Every line below must be reproduced exactly; no pictures are to be included.

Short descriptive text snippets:
######
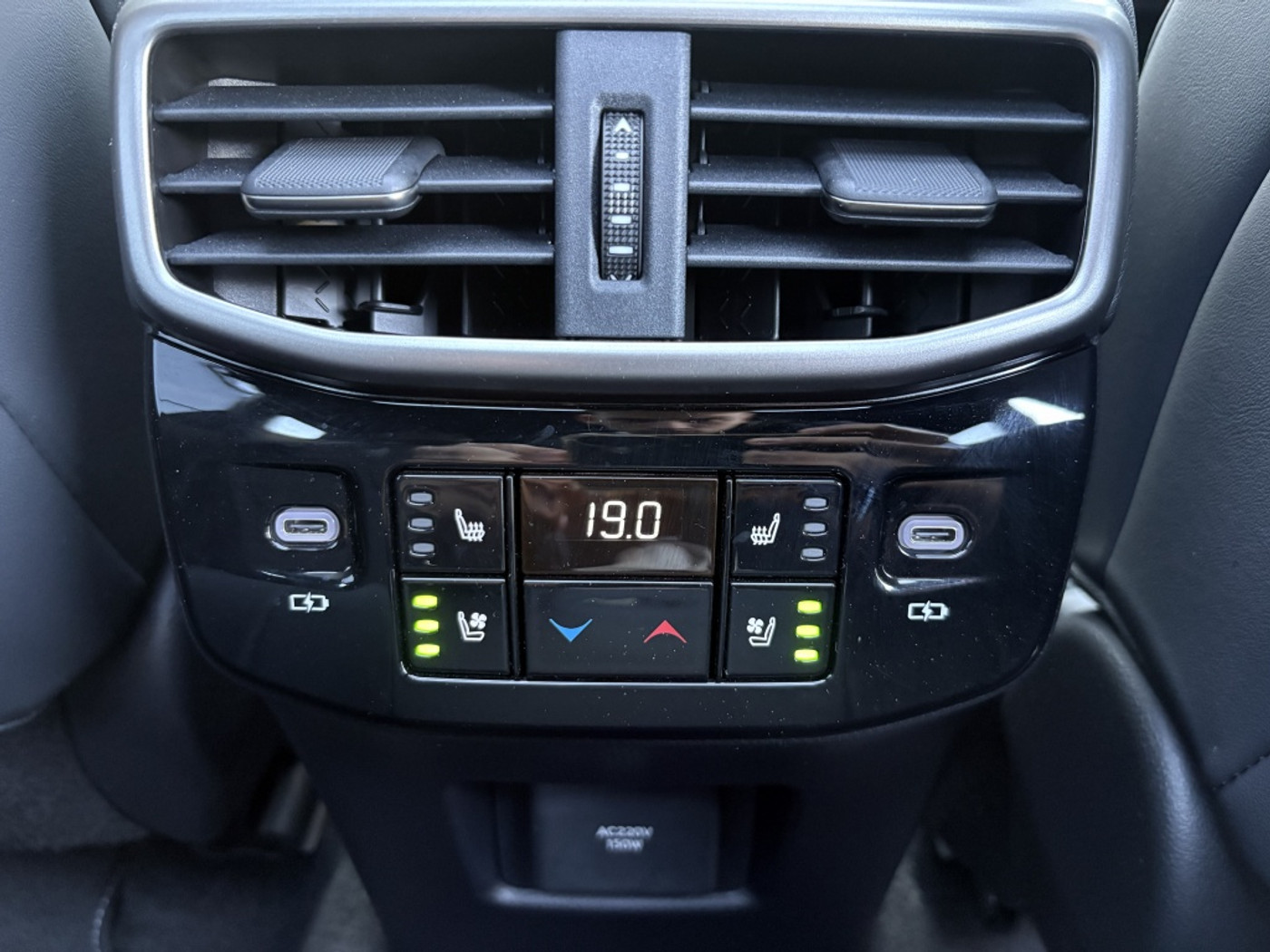 Foto van Lexus Lexus Rx500h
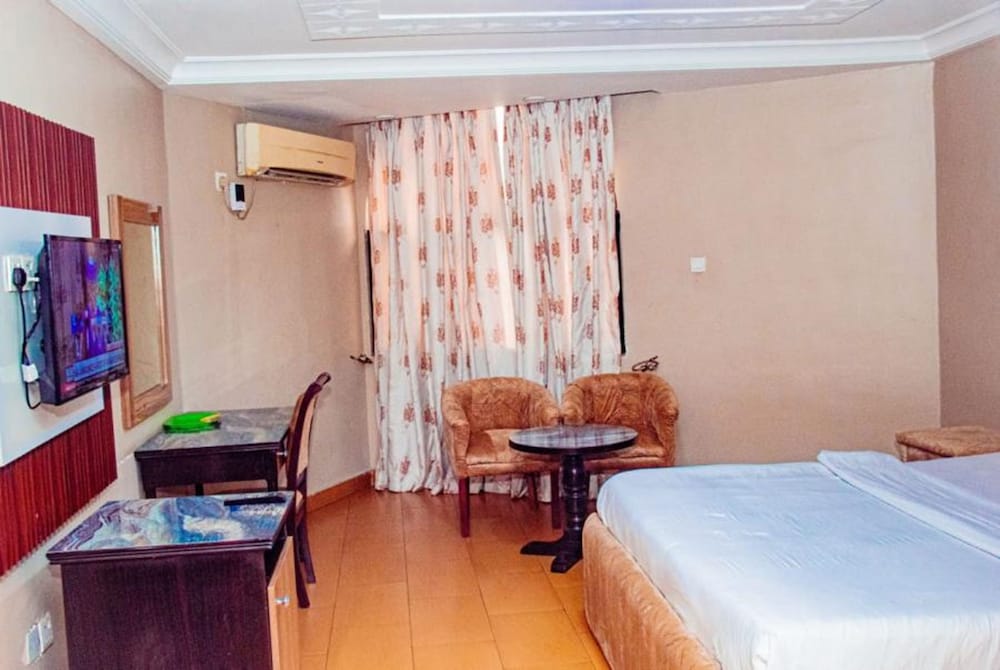 Heritage House Square Hotel 27/64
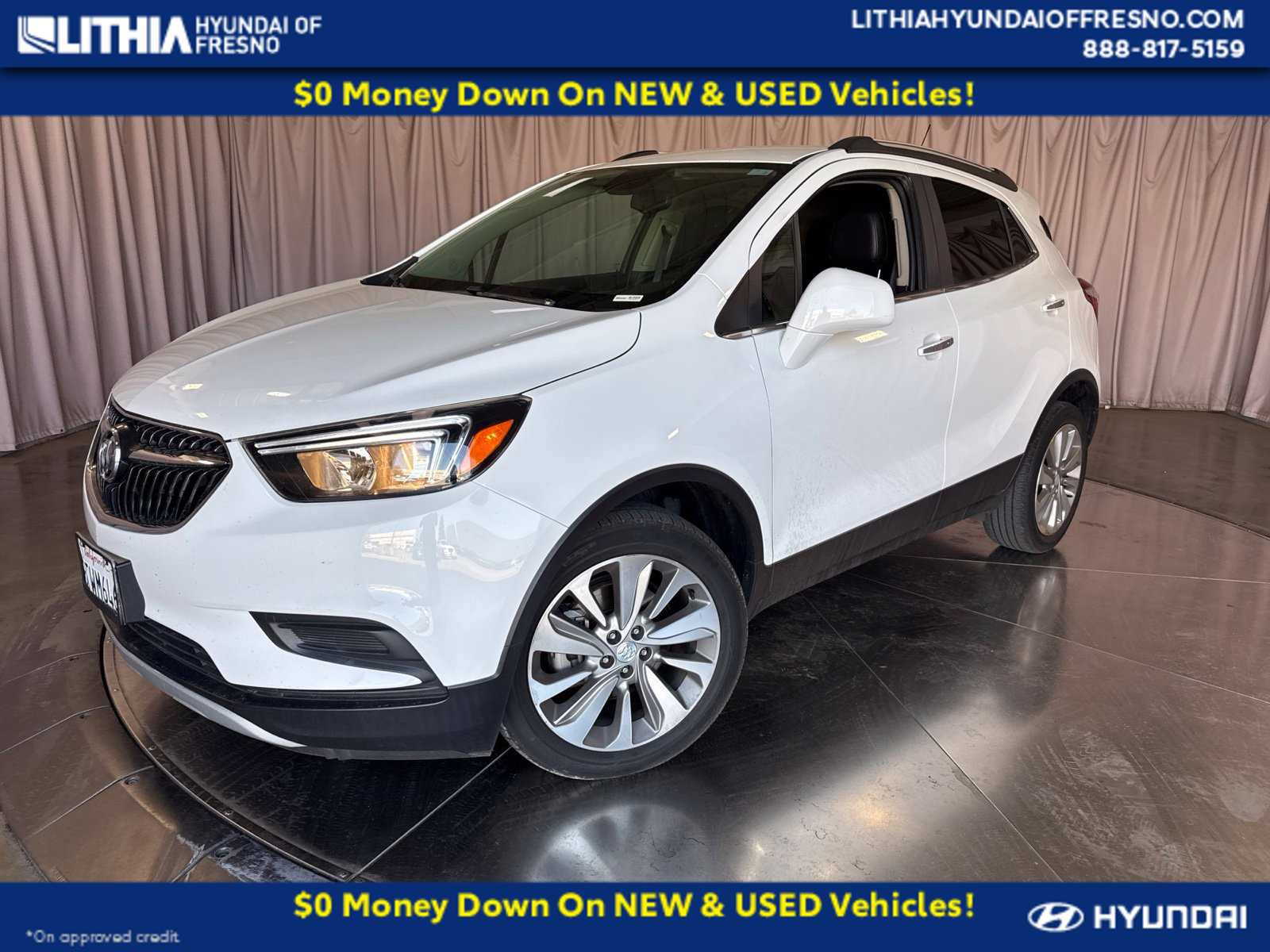 Used 2020 Buick Encore Preferred FWD image 1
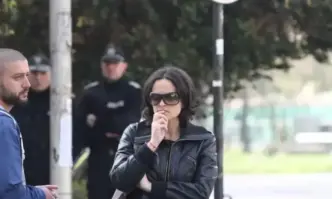 От Фейсбук профила на журналистката Генка ШирековаТренират ни да сме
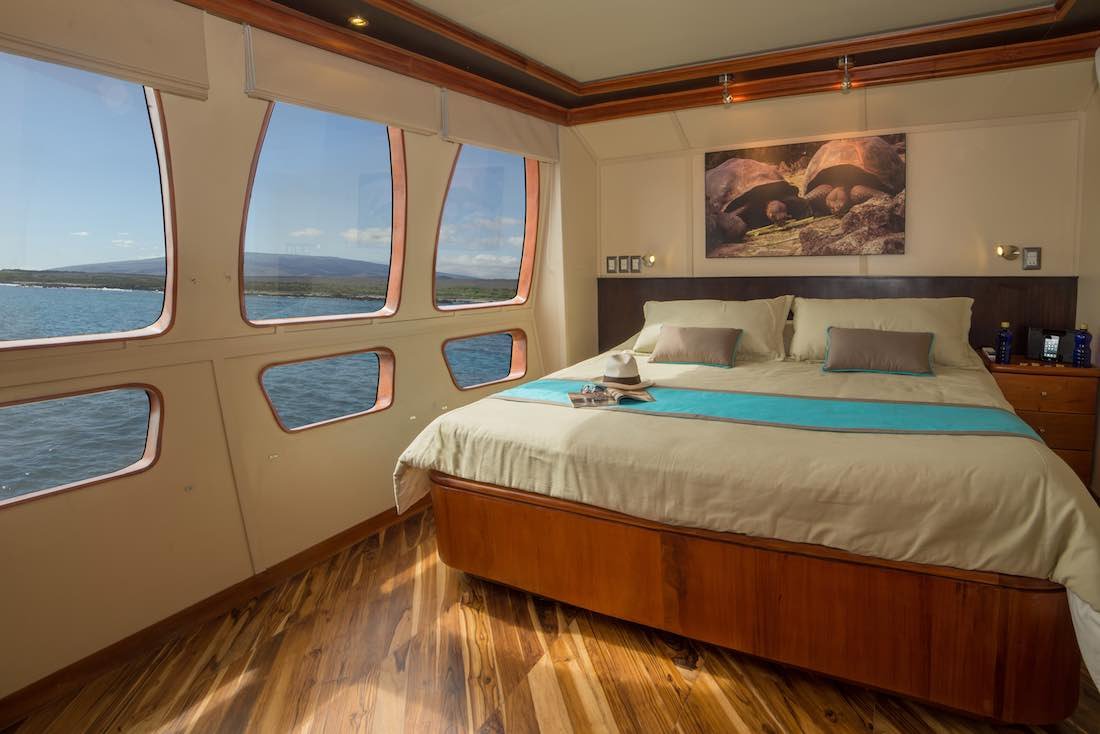 matrimonial-suite-Galapagos-Yacht-Charter matrimonial-suite-Galapagos-Yacht-Charter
######
Solution to this task:
 Foto van Lexus Lexus Rx500h
 Heritage House Square Hotel 27/64
 Used 2020 Buick Encore Preferred FWD image 1
 От Фейсбук профила на журналистката Генка ШирековаТренират ни да сме
 matrimonial-suite-Galapagos-Yacht-Charter matrimonial-suite-Galapagos-Yacht-Charter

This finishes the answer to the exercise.